Mario Praz - Il patto col serpente


Mario Praz

Il patto col serpente

Vincitore saggistica 1973

Mondadori, 1973

 

Da quando, nel 1930, è uscito il libro più famoso di Praz, La carne, la morte e il diavolo nella letteratura romantica, l'intuizione critica che lo ispirava è quasi diventata un luogo comune: accade cioè che «chiunque si occupi delle origini della sensibilità moderna ne tiene conto, anche senza aver letto e compreso l'importanza di Praz. È il destino di coloro che hanno ovviamente ragione, ma nulla toglie al fatto che sono pochi i critici cui sia stata concessa un'i­dea così brillante» (Frank Kermode).
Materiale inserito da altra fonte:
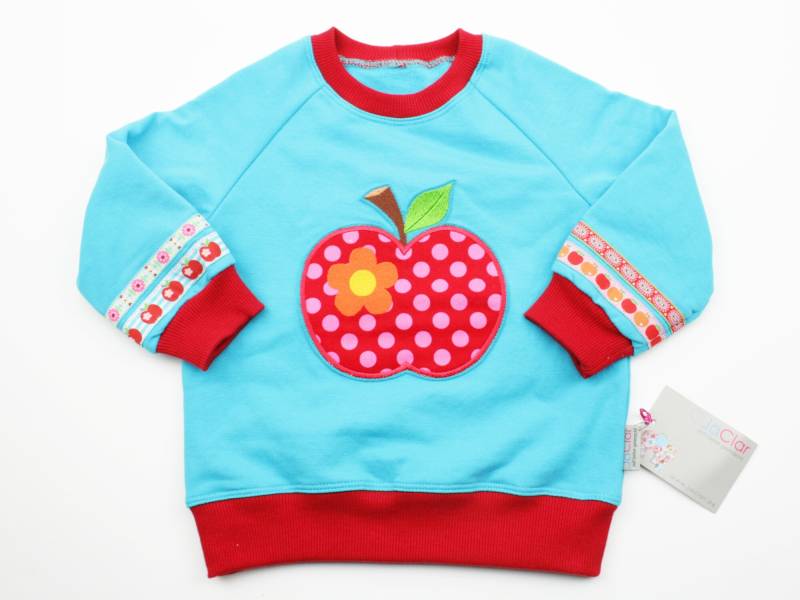 Pulli Gr. 80 Apfel Türkis/Rot von JaClarDesign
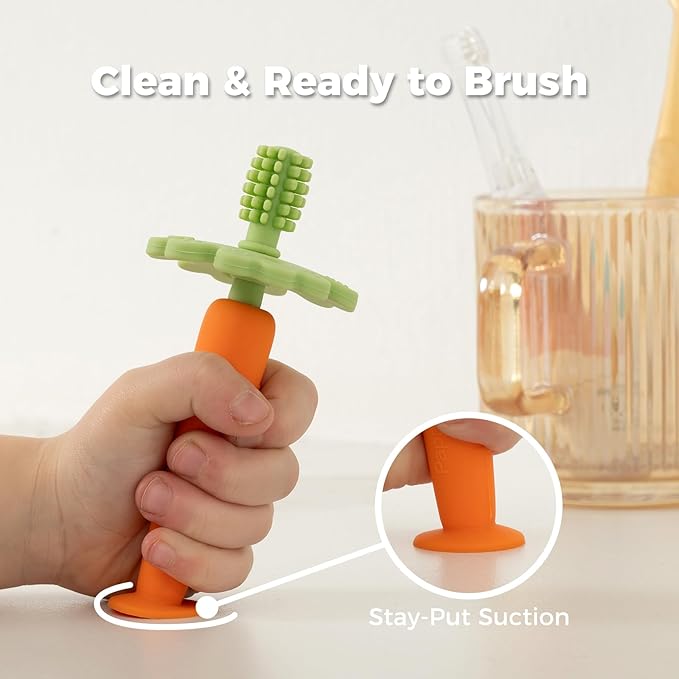 Papablic Baby Toothbrush Teether, 360° Carrot Toothbrush Teething Toy with Suction Base, Easter Gift Travel Essentials for Toddler Infants 6-12 Months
E una necessaria integrazione di quell'ope­ra capitale è Il patto col serpente, che svela sin dal titolo il suo cuore nero: come nel quadro di Hans Baldung Grien, assunto dallo stesso Praz a emblema del libro, il serpente tentatore è infatti l'immaginazione, che per il tramite di Eva (la sensibilità) corrompe Adamo (la volontà) svelando le zone più inconfessabili dell'ani­ma e dando così libero corso alla malinconia, alla fantasticheria aberrante e mostruosa, alla perversione, alla nevrosi: «Sono effeminato,» si legge nelle Confessioni di un giovane inglese di George Moore «morboso, perverso. Ma soprattutto perverso. Tutto ciò che è perverso mi affascina». Motivi, questi, che dal Romanticismo in poi accomunano un'intera legione di artisti – Füss­li e Poe, i Preraffaelliti, Ruskin e Pater, J.A. Symonds, Vernon Lee e Walter de la Mare, D'Annunzio, Rodin, Proust. Grazie a Praz, al suo inimitabile metodo – fondato sull'e­splorazione ravvicinata e sulla relazione, sulla capacità, cioè, di individuare in un quadro o in un testo un dettaglio e di inserirlo in una rete di rapporti –, alla sua prosa perfetta, li vediamo sfilare sotto i nostri occhi quasi assistessimo, affascinati, «a una serie di entrées in un grande balletto con scene che si susseguono in straordinarie esibizioni» (Giovanni Macchia).